§ **Problem description**
Would you retype exactly the lines below, starting with the one that has "クレバー プロテインバー ミルクチョコレート味 12本" and going on through the one that has "Pre-owned Chanel Chocolate", with no pictures and nothing else?

§ **Data shown**
====================

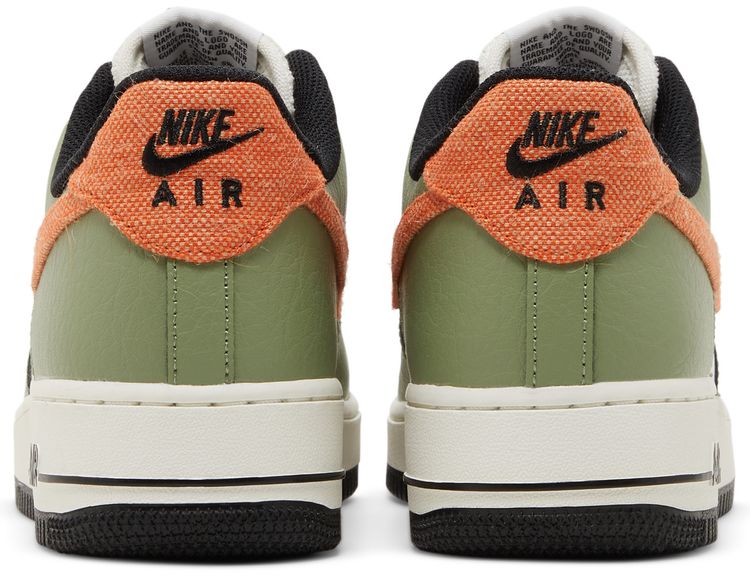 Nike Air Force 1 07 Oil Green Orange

====================

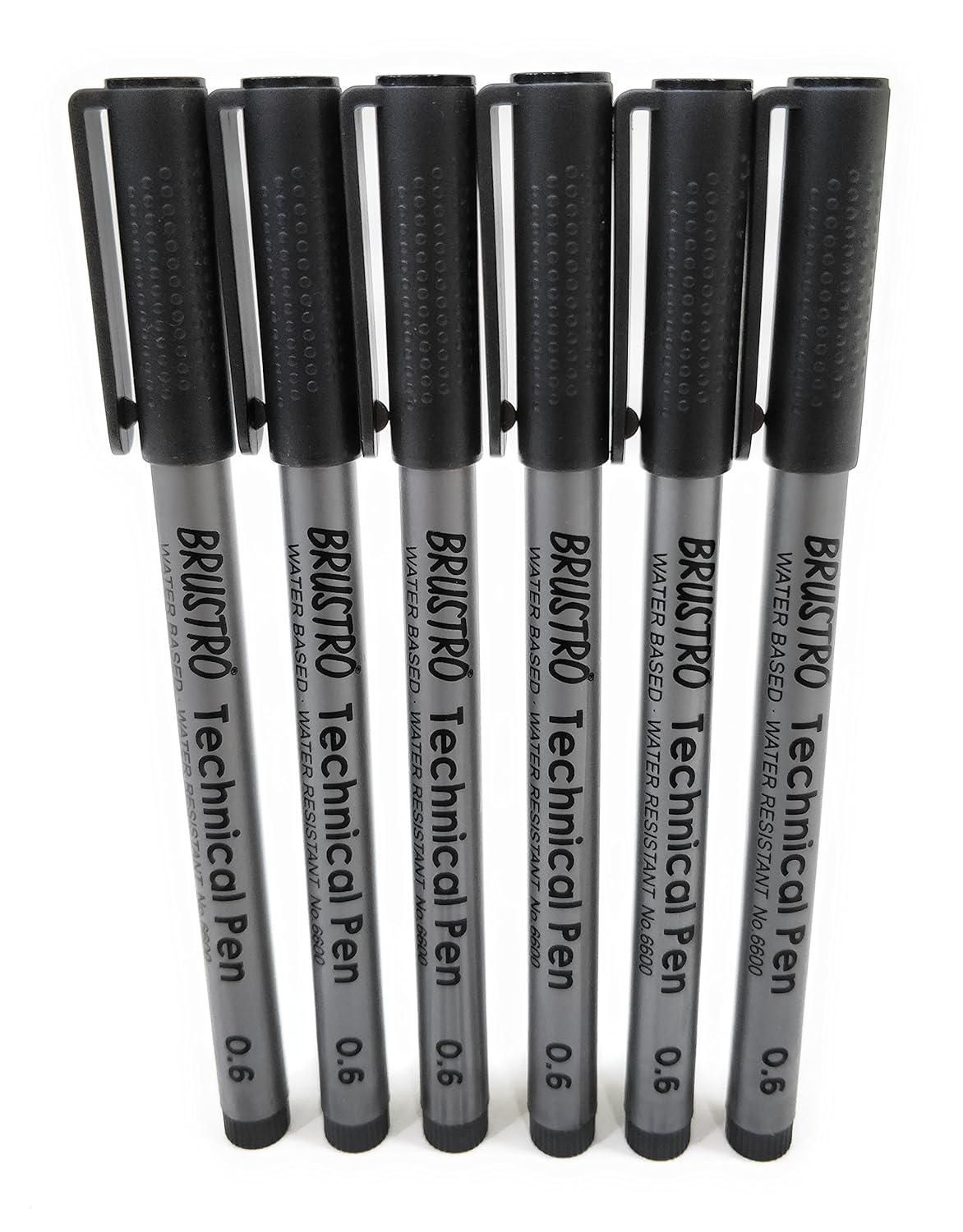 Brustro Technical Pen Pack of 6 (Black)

====================

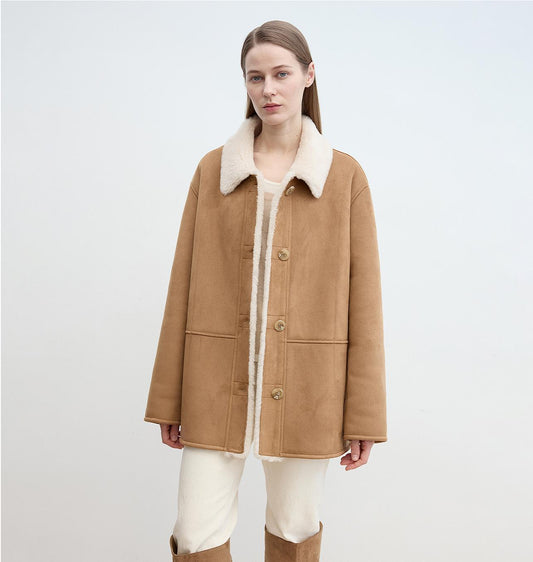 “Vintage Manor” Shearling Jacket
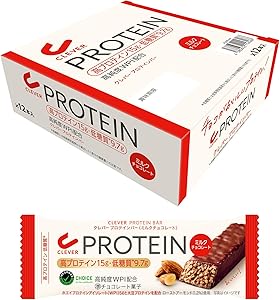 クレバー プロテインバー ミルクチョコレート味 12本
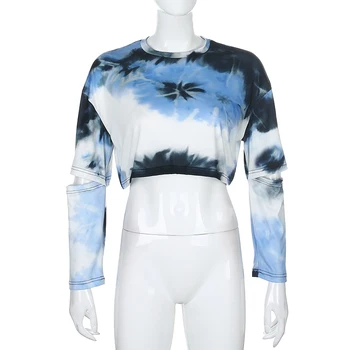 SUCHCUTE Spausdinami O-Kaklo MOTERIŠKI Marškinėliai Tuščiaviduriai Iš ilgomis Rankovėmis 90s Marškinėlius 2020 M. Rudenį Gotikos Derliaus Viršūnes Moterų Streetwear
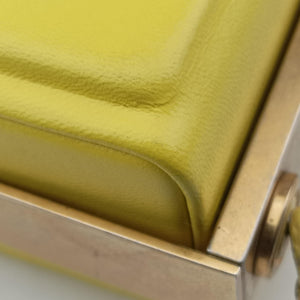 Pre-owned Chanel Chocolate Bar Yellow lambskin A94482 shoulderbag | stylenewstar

====================

§ **Result below**
 クレバー プロテインバー ミルクチョコレート味 12本
 SUCHCUTE Spausdinami O-Kaklo MOTERIŠKI Marškinėliai Tuščiaviduriai Iš ilgomis Rankovėmis 90s Marškinėlius 2020 M. Rudenį Gotikos Derliaus Viršūnes Moterų Streetwear
 Pre-owned Chanel Chocolate Bar Yellow lambskin A94482 shoulderbag | stylenewstar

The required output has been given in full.